*Your task*
Take the listing below and output it exactly, with no images.

*Given information*
════════

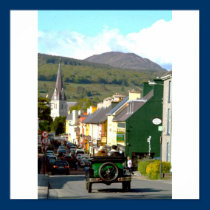 Kenmare on the Ring of Kerry posters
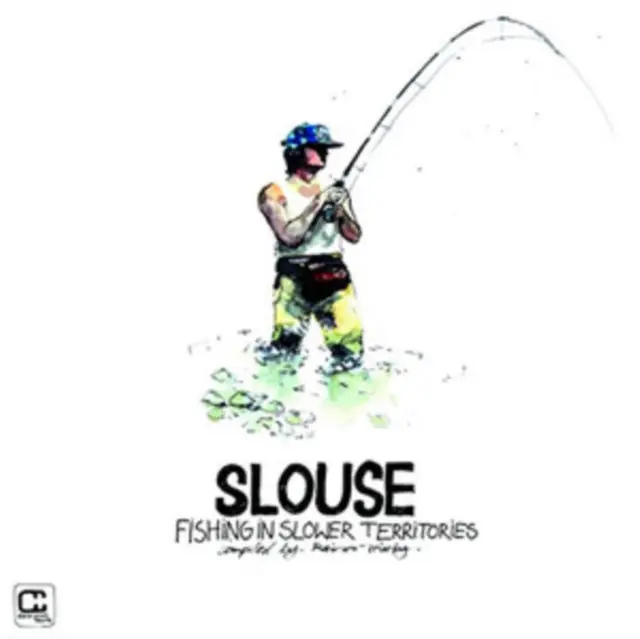 Holiday Sale TRUEBY,RAINER - SLOUSE: FISHING IN SLOWER TERRITORIES (2LP) (Vinyl)
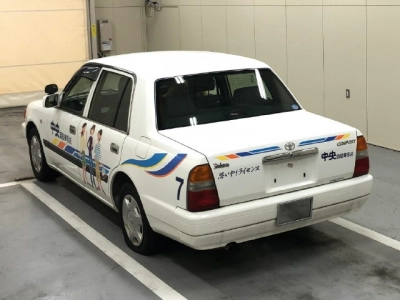 TOYOTA CROWN COMFORT
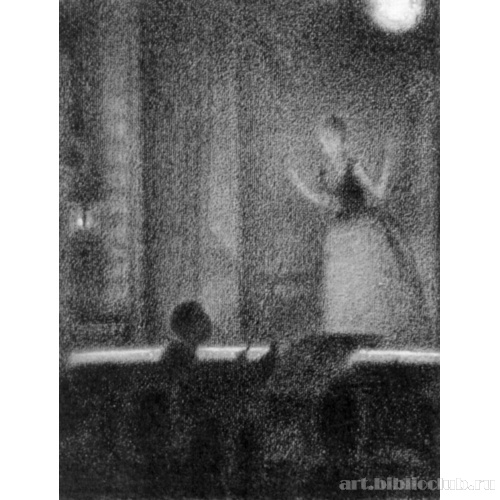 Отрада Рошешуар. Вечер на бульваре Рошешуар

════════

*Solved problem*
 Kenmare on the Ring of Kerry posters
 Holiday Sale TRUEBY,RAINER - SLOUSE: FISHING IN SLOWER TERRITORIES (2LP) (Vinyl)
 TOYOTA CROWN COMFORT
 Отрада Рошешуар. Вечер на бульваре Рошешуар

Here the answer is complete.